Entries taken from a collection
=-=-=-=-=
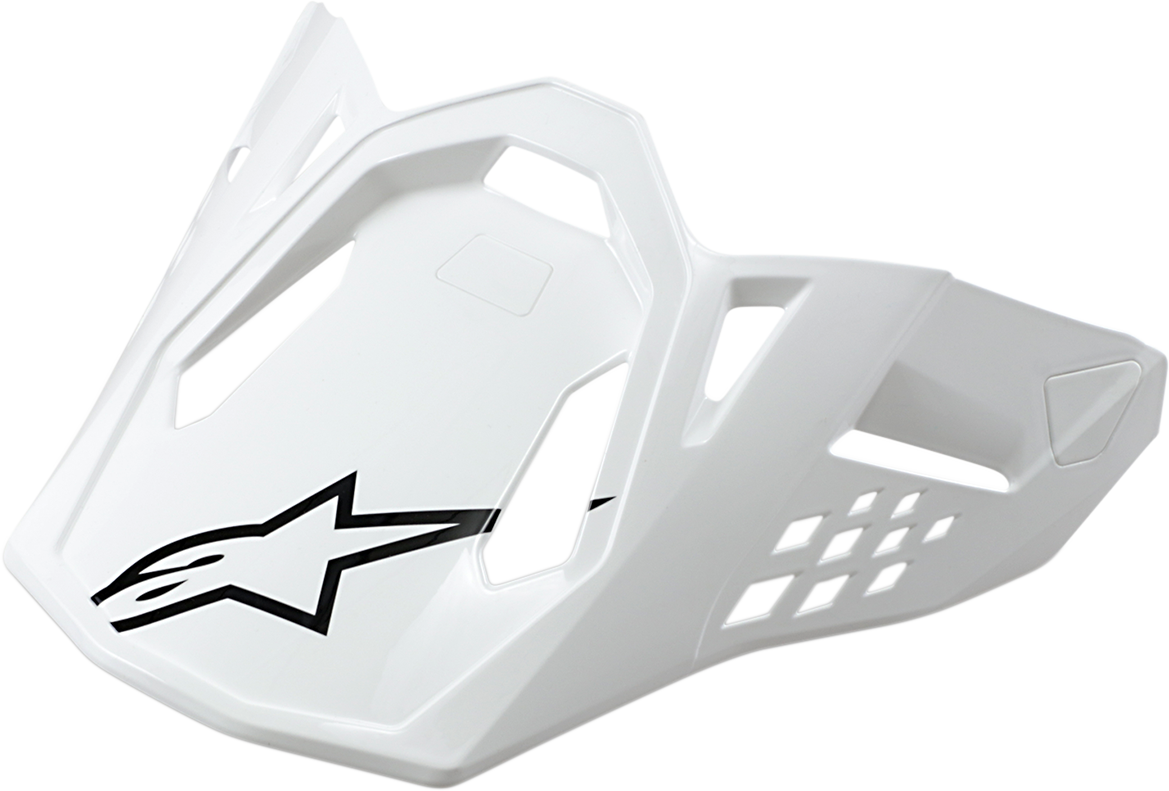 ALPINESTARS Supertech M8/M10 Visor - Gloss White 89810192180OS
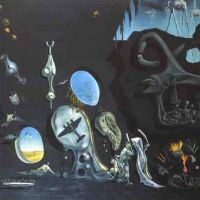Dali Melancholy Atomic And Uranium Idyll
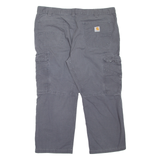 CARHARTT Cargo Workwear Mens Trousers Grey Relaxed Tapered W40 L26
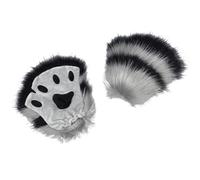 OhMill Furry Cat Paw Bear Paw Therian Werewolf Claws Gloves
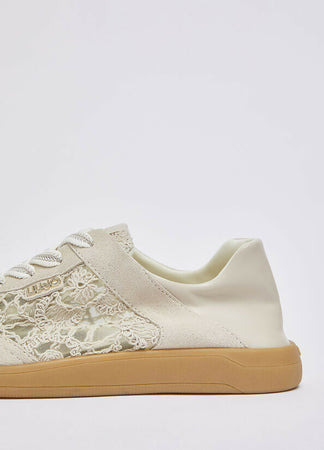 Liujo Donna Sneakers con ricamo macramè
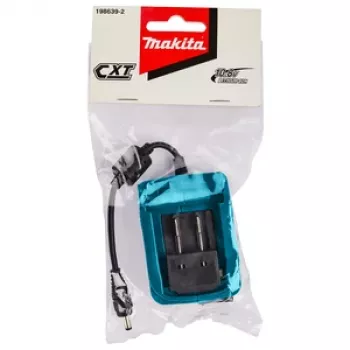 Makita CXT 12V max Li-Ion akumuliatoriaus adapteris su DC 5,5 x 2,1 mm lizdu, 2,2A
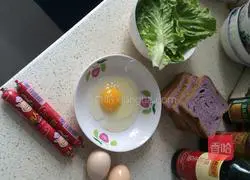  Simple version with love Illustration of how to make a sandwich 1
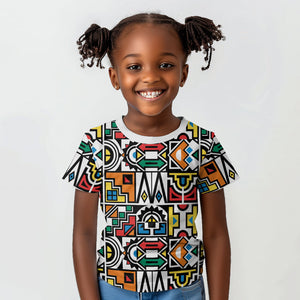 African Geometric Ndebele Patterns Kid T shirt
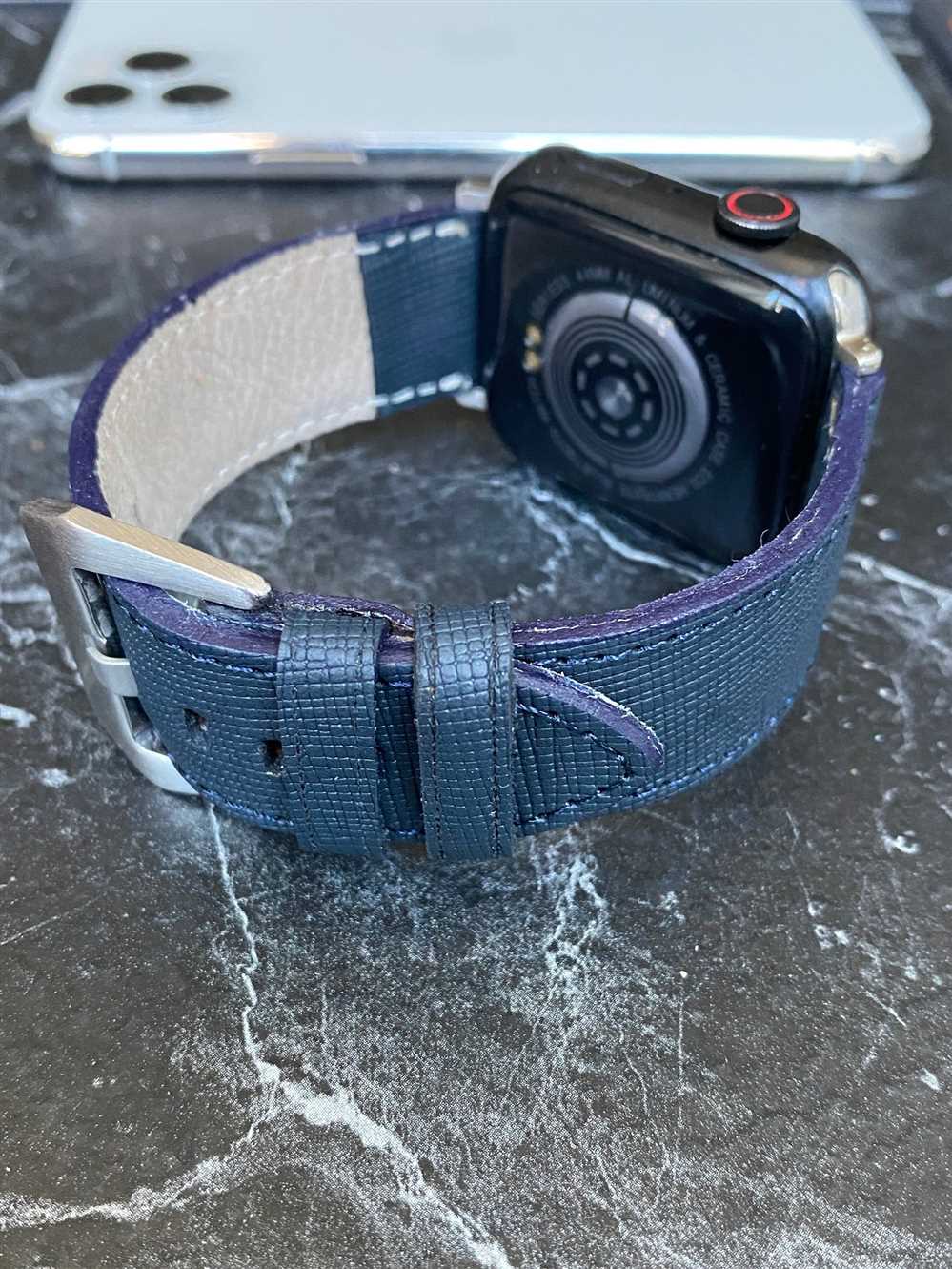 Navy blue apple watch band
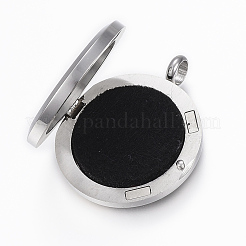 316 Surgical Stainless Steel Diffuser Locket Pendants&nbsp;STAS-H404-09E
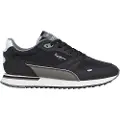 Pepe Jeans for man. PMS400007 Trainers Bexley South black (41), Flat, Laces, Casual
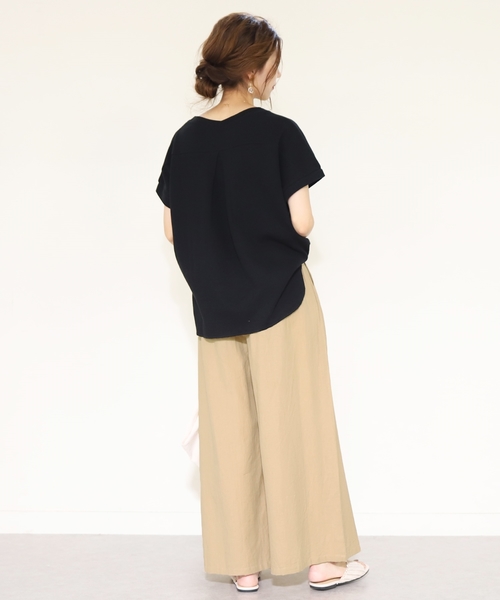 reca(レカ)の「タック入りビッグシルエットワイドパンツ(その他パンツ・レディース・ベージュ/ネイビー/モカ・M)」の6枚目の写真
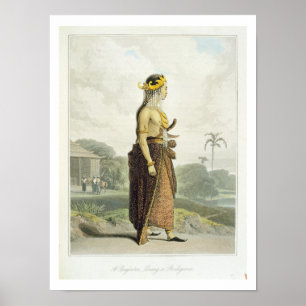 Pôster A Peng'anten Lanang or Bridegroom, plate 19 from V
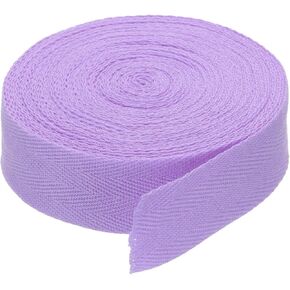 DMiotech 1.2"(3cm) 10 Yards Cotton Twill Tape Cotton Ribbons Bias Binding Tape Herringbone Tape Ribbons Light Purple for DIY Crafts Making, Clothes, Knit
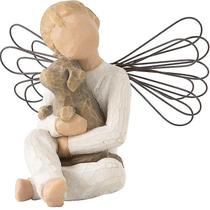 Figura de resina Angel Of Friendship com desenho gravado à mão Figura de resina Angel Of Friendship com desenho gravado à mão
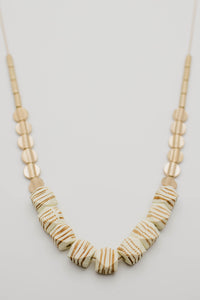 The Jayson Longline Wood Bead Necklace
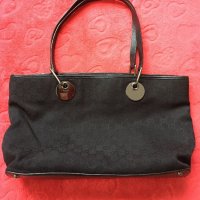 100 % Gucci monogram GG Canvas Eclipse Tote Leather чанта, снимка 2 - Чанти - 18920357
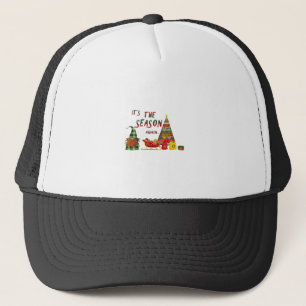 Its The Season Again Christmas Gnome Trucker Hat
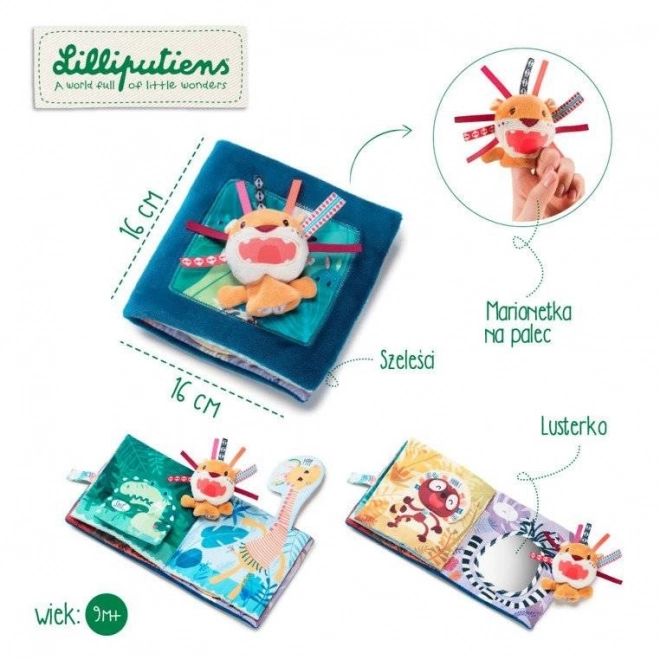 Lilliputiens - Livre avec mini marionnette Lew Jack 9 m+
=-=-=-=-=
Task. Exact copy, no pictures. Write out the lines in the entries above, starting with the line with "Dali Melancholy Atomic And Uranium Idyll" and going on through the line with "Making, Clothes, Knit", keeping both.

Result.
Dali Melancholy Atomic And Uranium Idyll
 CARHARTT Cargo Workwear Mens Trousers Grey Relaxed Tapered W40 L26
 OhMill Furry Cat Paw Bear Paw Therian Werewolf Claws Gloves
 Liujo Donna Sneakers con ricamo macramè
 Makita CXT 12V max Li-Ion akumuliatoriaus adapteris su DC 5,5 x 2,1 mm lizdu, 2,2A
  Simple version with love Illustration of how to make a sandwich 1
 African Geometric Ndebele Patterns Kid T shirt
 Navy blue apple watch band
 316 Surgical Stainless Steel Diffuser Locket Pendants&nbsp;STAS-H404-09E
 Pepe Jeans for man. PMS400007 Trainers Bexley South black (41), Flat, Laces, Casual
 reca(レカ)の「タック入りビッグシルエットワイドパンツ(その他パンツ・レディース・ベージュ/ネイビー/モカ・M)」の6枚目の写真
 Pôster A Peng'anten Lanang or Bridegroom, plate 19 from V
 DMiotech 1.2"(3cm) 10 Yards Cotton Twill Tape Cotton Ribbons Bias Binding Tape Herringbone Tape Ribbons Light Purple for DIY Crafts Making, Clothes, Knit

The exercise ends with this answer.